Copy out, from the entries below, each line that holds the string "Audi".

____ INPUT RECORDS

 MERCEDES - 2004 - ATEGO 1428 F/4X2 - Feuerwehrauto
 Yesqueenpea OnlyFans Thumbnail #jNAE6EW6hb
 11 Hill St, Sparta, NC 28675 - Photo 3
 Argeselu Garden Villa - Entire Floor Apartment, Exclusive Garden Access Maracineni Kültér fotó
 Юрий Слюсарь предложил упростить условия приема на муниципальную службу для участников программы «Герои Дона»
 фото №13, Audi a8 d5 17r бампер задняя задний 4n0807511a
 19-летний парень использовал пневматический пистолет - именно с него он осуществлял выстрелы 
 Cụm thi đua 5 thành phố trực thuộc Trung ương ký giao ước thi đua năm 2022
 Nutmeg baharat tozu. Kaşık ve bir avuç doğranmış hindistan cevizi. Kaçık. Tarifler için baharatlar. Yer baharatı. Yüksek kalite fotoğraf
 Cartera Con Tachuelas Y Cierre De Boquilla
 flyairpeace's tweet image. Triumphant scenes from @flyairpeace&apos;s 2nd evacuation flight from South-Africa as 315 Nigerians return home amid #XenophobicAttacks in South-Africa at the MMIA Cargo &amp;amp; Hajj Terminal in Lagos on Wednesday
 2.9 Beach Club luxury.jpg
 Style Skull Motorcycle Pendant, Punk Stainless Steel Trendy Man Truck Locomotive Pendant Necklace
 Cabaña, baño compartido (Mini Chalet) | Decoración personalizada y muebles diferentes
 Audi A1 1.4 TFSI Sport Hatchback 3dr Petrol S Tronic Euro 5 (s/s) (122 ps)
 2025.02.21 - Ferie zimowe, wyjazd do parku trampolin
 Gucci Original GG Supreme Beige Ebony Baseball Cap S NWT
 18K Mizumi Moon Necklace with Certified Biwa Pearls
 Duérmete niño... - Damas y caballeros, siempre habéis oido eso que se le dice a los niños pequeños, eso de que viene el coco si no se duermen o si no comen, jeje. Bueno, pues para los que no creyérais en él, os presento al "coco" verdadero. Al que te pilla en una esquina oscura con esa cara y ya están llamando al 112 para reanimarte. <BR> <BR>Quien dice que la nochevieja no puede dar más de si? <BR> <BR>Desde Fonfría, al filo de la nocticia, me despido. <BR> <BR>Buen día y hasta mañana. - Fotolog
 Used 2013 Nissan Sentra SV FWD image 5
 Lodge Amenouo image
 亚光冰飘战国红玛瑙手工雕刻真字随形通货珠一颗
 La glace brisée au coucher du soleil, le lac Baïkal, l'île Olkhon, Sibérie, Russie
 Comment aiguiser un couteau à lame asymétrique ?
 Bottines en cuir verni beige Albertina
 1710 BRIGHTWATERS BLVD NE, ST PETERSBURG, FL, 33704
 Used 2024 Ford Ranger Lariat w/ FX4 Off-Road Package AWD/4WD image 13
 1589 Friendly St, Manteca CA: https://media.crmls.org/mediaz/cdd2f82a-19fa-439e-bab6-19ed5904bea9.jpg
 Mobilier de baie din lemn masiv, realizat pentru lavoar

________

§ SOLUTION
 фото №13, Audi a8 d5 17r бампер задняя задний 4n0807511a
 Audi A1 1.4 TFSI Sport Hatchback 3dr Petrol S Tronic Euro 5 (s/s) (122 ps)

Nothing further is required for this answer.